▶ RECORDED INFORMATION:
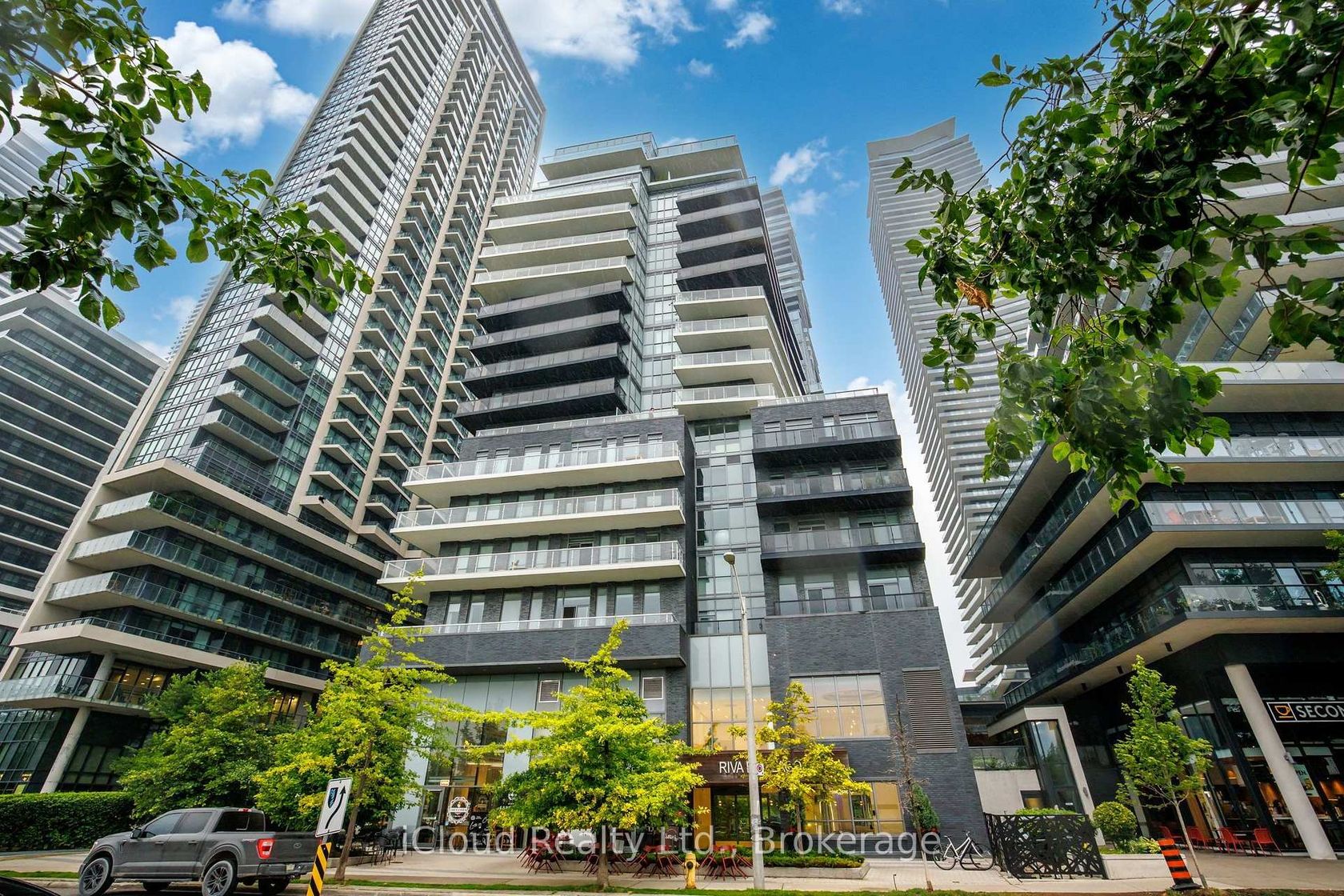 810 - 110 Marine Parade Drive, Mimico, Toronto photo number 2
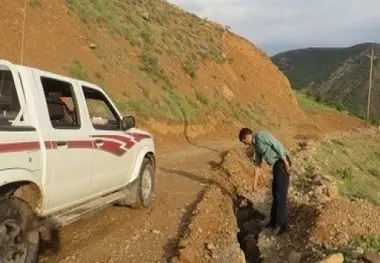مسدود شدن راه ارتباطی چهار روستای الموت غربی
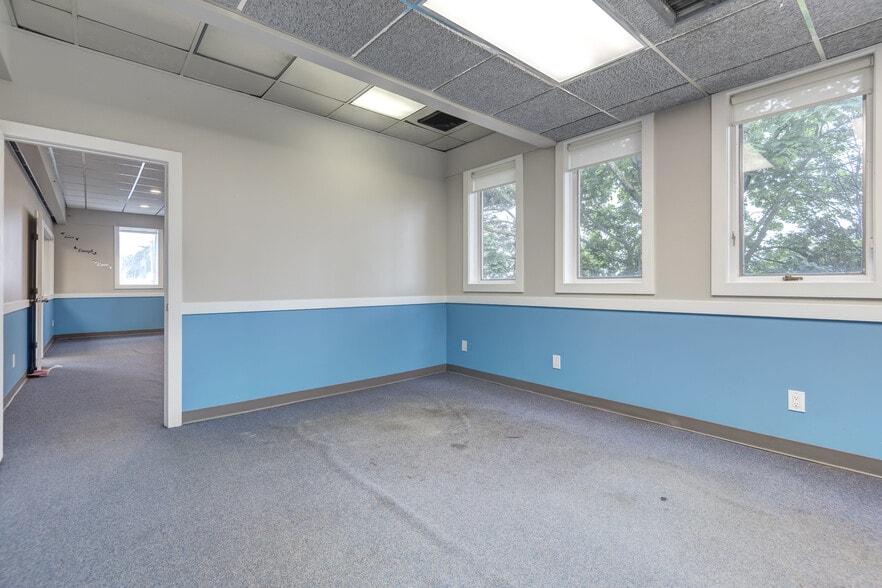 More Photos Of 1575 Hillside Ave, New Hyde Park Medical For Sale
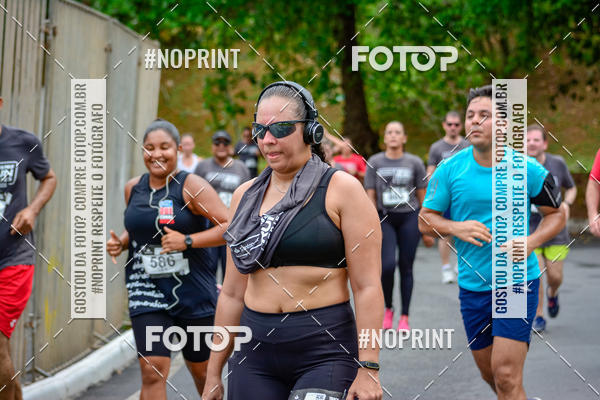 Buy your photos of the eventSantander Track&Field Run Series - Shopping da Bahia on Fotop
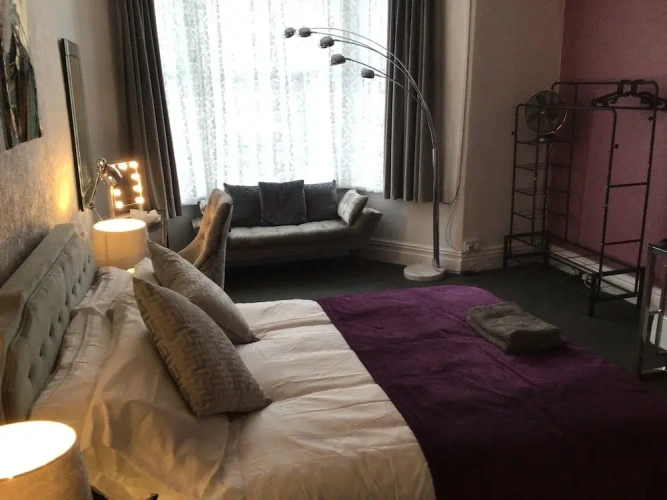 Deluxe Double room with city view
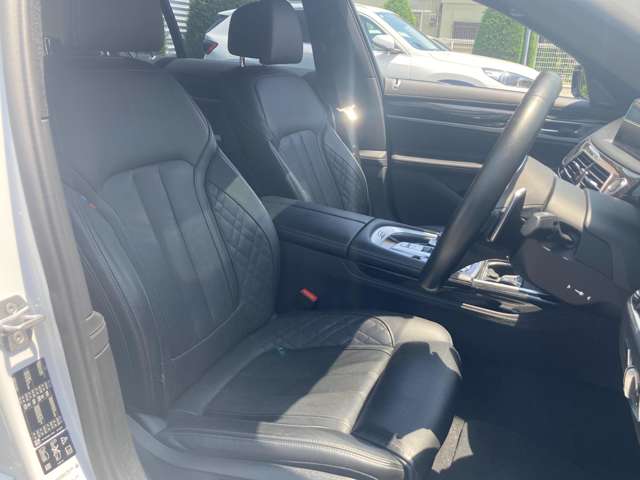 ＢＭＷ ７シリーズ ７４０Ｄ Ｘドライブ Ｍスポーツ ディーゼルターボ ４ＷＤ R3年 (近畿) 99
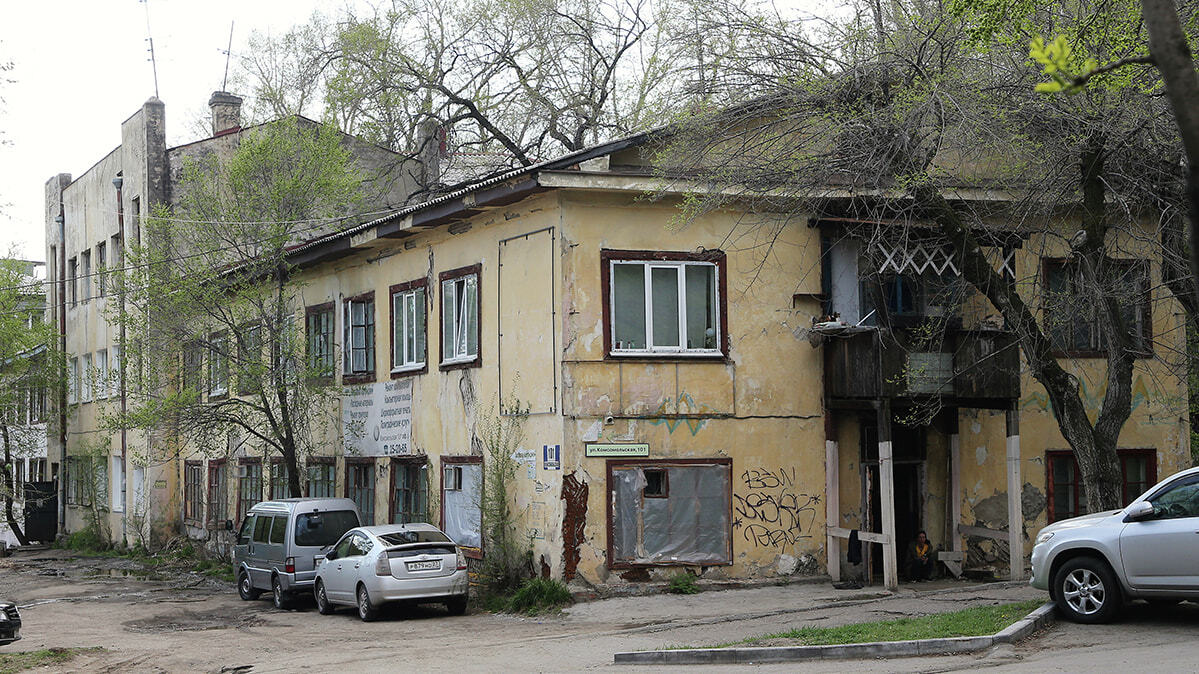 Кто в домике живет: таинственная «сталинка» в центре нервирует хабаровчан  (ФОТО; ВИДЕО) — Новости Хабаровска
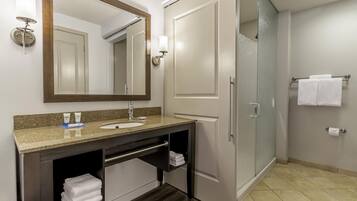 Studio Suite, 1 King Bed with Sofa bed, Kitchenette | Bathroom | Designer toiletries, hair dryer, towels, soap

▶ TRY IT:
The reply needs to repeat exactly the line containing "Buy your photos" and each line after it, through the final line of the entries above, and to skip the pictures.

▶ REPLY:
 Buy your photos of the eventSantander Track&Field Run Series - Shopping da Bahia on Fotop
 Deluxe Double room with city view
 ＢＭＷ ７シリーズ ７４０Ｄ Ｘドライブ Ｍスポーツ ディーゼルターボ ４ＷＤ R3年 (近畿) 99
 Кто в домике живет: таинственная «сталинка» в центре нервирует хабаровчан  (ФОТО; ВИДЕО) — Новости Хабаровска
 Studio Suite, 1 King Bed with Sofa bed, Kitchenette | Bathroom | Designer toiletries, hair dryer, towels, soap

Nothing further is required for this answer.